The privacy week that was

Over time, privacy protection has advanced in key moments. These have involved judges and advocates who appreciated new technologies and found ways to ensure privacy prevailed in a changing world. This week’s unanimous decision by the Supreme Court in the case of Riley v. California ranks with other key historical moments. More than in any other recent decision, the Supreme Court this week advanced privacy in a digital era characterized by ubiquitous computing.

As a result, the scales of justice shifted in a profound way toward a new ideal of privacy in a digital world. There is an important history for privacy that points in this direction and is worth appreciating.  But it’s important to start simply by saying this: it was not just a historic week, but a very good week for privacy. A scale implies balance. The Supreme Court’s decision strikes the right balance between public safety and the privacy concerns of users of mobile technology.

The context for this week’s case is important. For decades, the authorities have validly searched those they arrested without a warrant under an exception to the Fourth Amendment’s warrant requirement. These searches extended to the possessions and immediate area near an arrestee, such as a wallet, purse or the inside of a car. The Supreme Court ruled this week, however, that warrantless searches cannot extend to a cell phone; instead the authorities must secure a warrant from a court to search such a device.

We live in a time when the importance of effective law enforcement remains vital. Yet as the Court rightly observed, “the sum of an individual’s private life can be reconstructed” by accessing the information stored on a cell phone.

In making this observation, the Court built on a long-standing and important tradition of adapting privacy to new technology, albeit one that has moved markedly on only rare occasions. Perhaps the only way to fully appreciate the importance of the past week’s decision is to take the broad view and put it in the context of other pivotal steps.

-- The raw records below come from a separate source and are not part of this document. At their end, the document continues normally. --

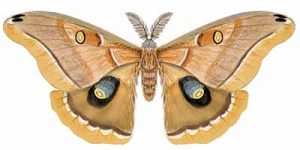 Polyphemus Moth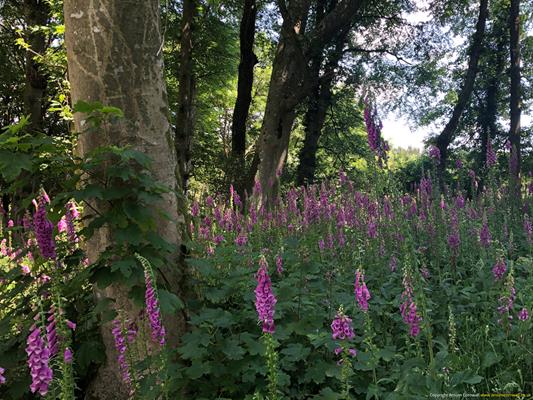 Trewithen Gardens Thumbnail Photo 11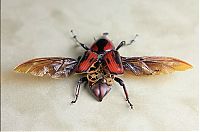 Art & Creativity: steampunk insect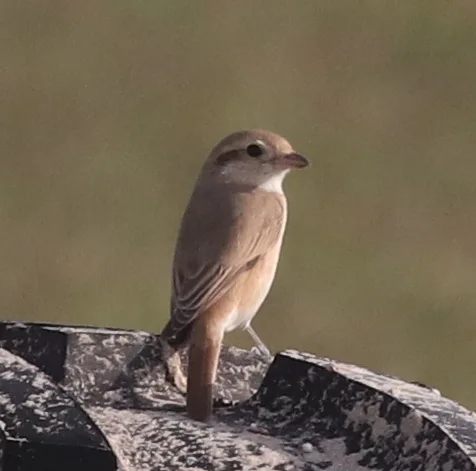 荒漠伯劳(Lanius isabellinus)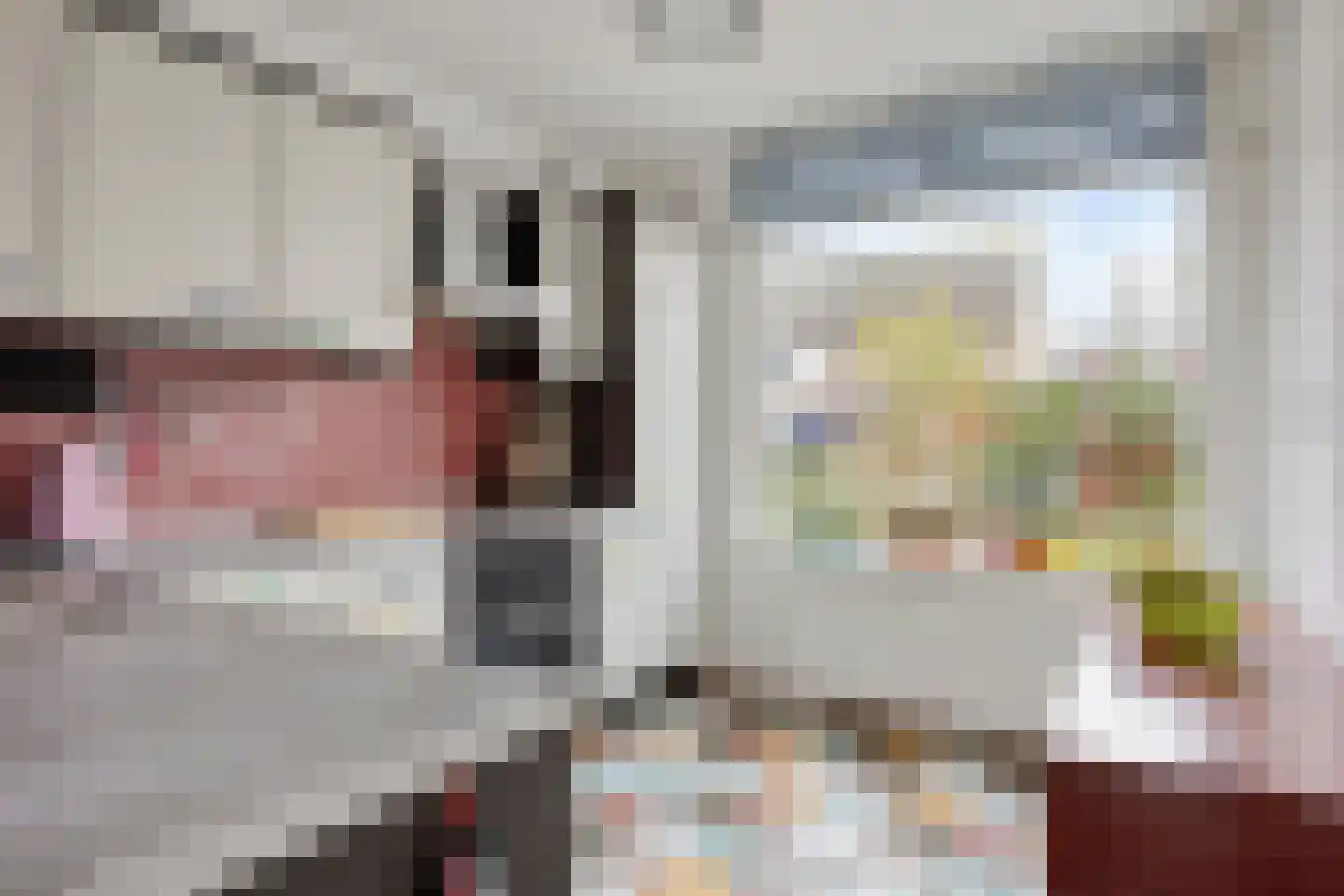 Marknessestraat 23 Tilburg thumbnail 20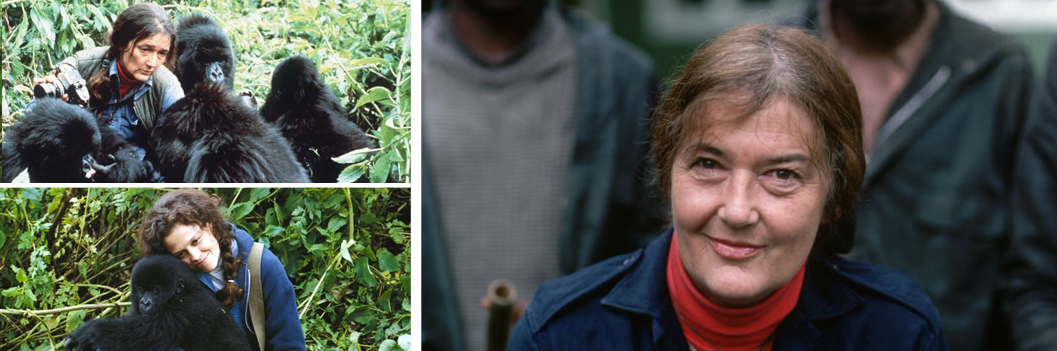 Dian Fossey Hike in Volcanoes National Park 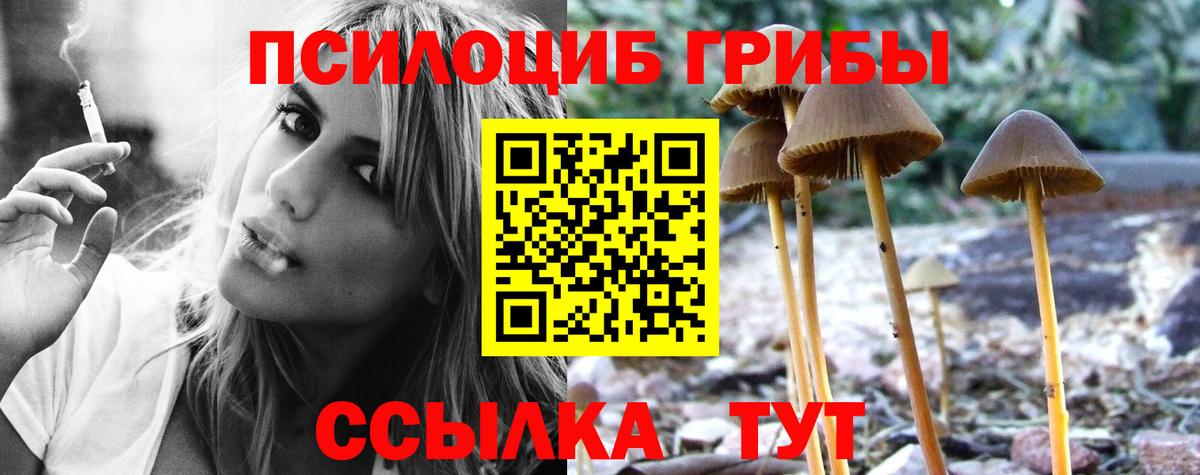 Галлюциногенные грибы прущие грибы Кемерово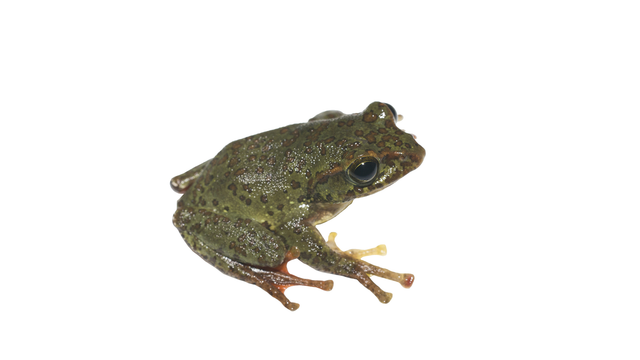 Image attached toot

In important respects, technology started to challenge privacy protection as long ago as the 1800’s, as Americans embraced the camera, telegraph and telephone. In 1890, Louis Brandeis took one of the privacy field’s seminal steps, publishing in the Harvard Law Review an article advocating “the right to be let alone.” Writing a quarter century before he joined the Supreme Court, Brandeis helped define this field by articulating a clear rationale for protecting privacy under existing state common laws. Notably, Brandeis argued that the impetus for this strengthened privacy protection was the adoption of new technologies, including “instantaneous photographs.” Using words that resonate still, he argued that “mechanical devices threaten to make good the prediction that ‘what is whispered in the closet shall be proclaimed from the house-tops.’”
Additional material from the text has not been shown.